Ἐις τὸν οὐρανὸν ἀναβήσομαι, ἐπάνω τῶν ἀστέρων θήσω τὸν θρόνον μου ... ἔσομαι ὅμοιος τῷ Ὑψίστῳ.

[67]. Originally he was the thunder-god, in Greek Κεραυνός. Under this name he appeared for instance on the bas-relief preserved in the museum of Brussels (Dussaud, Notes, p. 105). Later, by a familiar process, the influence of a particular god becomes the attribute of a greater divinity, and we speak of a Ζεὺς Κεραύνιος (cf. Usener, Keraunos, Rhein. Museum, N. F., LX, 1901).—This Zeus Keraunios appears in many inscriptions of Syria (CIG, 4501, 4520; Le Bas-Waddington, 2195, 2557 a, 2631, 2739; cf.
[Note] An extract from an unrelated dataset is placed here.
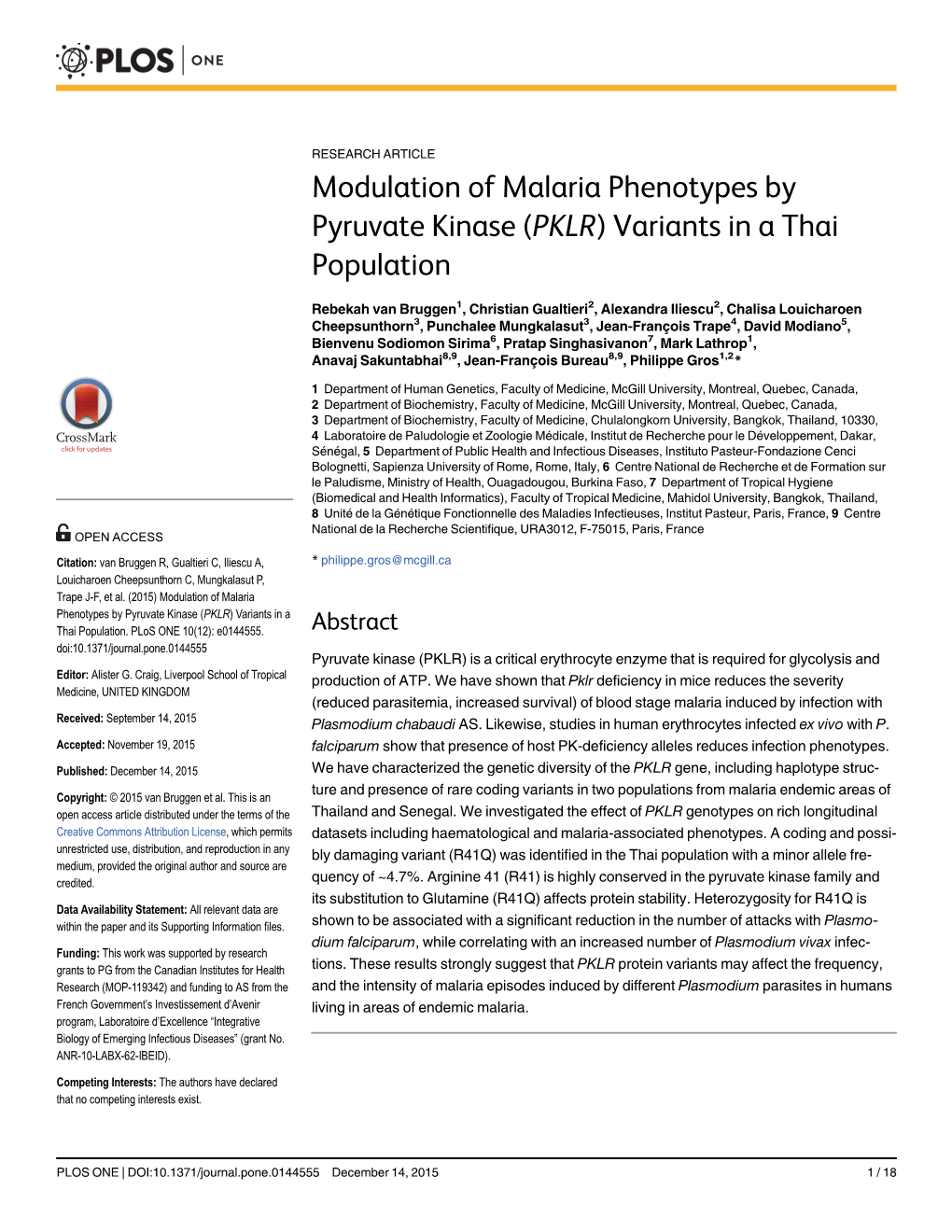Modulation of Malaria Phenotypes by Pyruvate Kinase (PKLR) Variants in a Thai Population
Roscher, Lexikon Myth., s. v. "Keraunos").

He is the god to whom Seleucus sacrificed when founding Seleucia (Malalas, p. 199), and a dedication to the same god has been found recently in the temple of the Syrian divinities at Rome (supra, n. [10]).—An equivalent of the Zeus Keraunios is the Zeus Καταιβάτης—"he who descends in the lightning"—worshiped at Cyrrhus (Wroth, Greek Coins in the British Museum: "Galatia, Syria," p. 52 and LII; Roscher, Lexikon, s. v.)

[68]. For instance the double ax was carried by Jupiter Dolichenus (cf. supra, p. [147]). On its significance, cf. Usener, loc. cit., p. 20.

[69]. Cf. Lidzbarski, Balsamem, Ephem. semit. Epigr., I, p. 251.—Ba‘al Samaïn is mentioned as early as the ninth century B. C. in the inscription of Ben Hadad (Pognon, Inscr. sémit., 1907, pp. 165 ff.; cf. Dussaud, Rev. archéol., 1908, I, p. 235). In Aramaic papyri preserved at Berlin, the Jews of Elephantine call Jehovah "the god of heaven" in an address to a Persian governor, and the same name was used in the alleged edicts of Cyrus and his successors, which were inserted in the book of Esdras (i. 1; vi. 9, etc.)—If there were the slightest doubt as to the identity of the god of thunder with Baalsamin, it would be dispelled by the inscription of Et-Tayibé, where this Semitic name is translated into Greek as Ζεὺς μέγιστος κεραύνιος; cf. Lidzbarski, Handbuch, p. 477, and Lagrange, op. cit., p. 508.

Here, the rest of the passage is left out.